Quadratic field

In algebraic number theory, a quadratic field is an algebraic number field K of degree two over Q, the rational numbers. The map d ↦ Q(√d) is a bijection from the set of all square-free integers d ≠ 0, 1 to the set of all quadratic fields. If d > 0 the corresponding quadratic field is called a real quadratic field, and for d < 0 an imaginary quadratic field or complex quadratic field, corresponding to whether it is or not a subfield of the field of the real numbers.

Quadratic fields have been studied in great depth, initially as part of the theory of binary quadratic forms. There remain some unsolved problems. The class number problem is particularly important.
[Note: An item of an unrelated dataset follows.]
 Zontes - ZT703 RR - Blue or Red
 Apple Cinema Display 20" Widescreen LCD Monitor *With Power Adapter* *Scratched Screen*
For a nonzero square free integer d, the discriminant of the quadratic field K=Q(√d) is d if d is congruent to 1 modulo 4, and otherwise 4d. For example, when d is −1 so that K is the field of so-called Gaussian rationals, the discriminant is −4. The reason for this distinction relates to general algebraic number theory. The ring of integers of K is spanned over the rational integers by 1 and √d only in the second case, while in the first case it is spanned by 1 and  (1 + √d)/2.

The set of discriminants of quadratic fields is exactly the set of fundamental discriminants.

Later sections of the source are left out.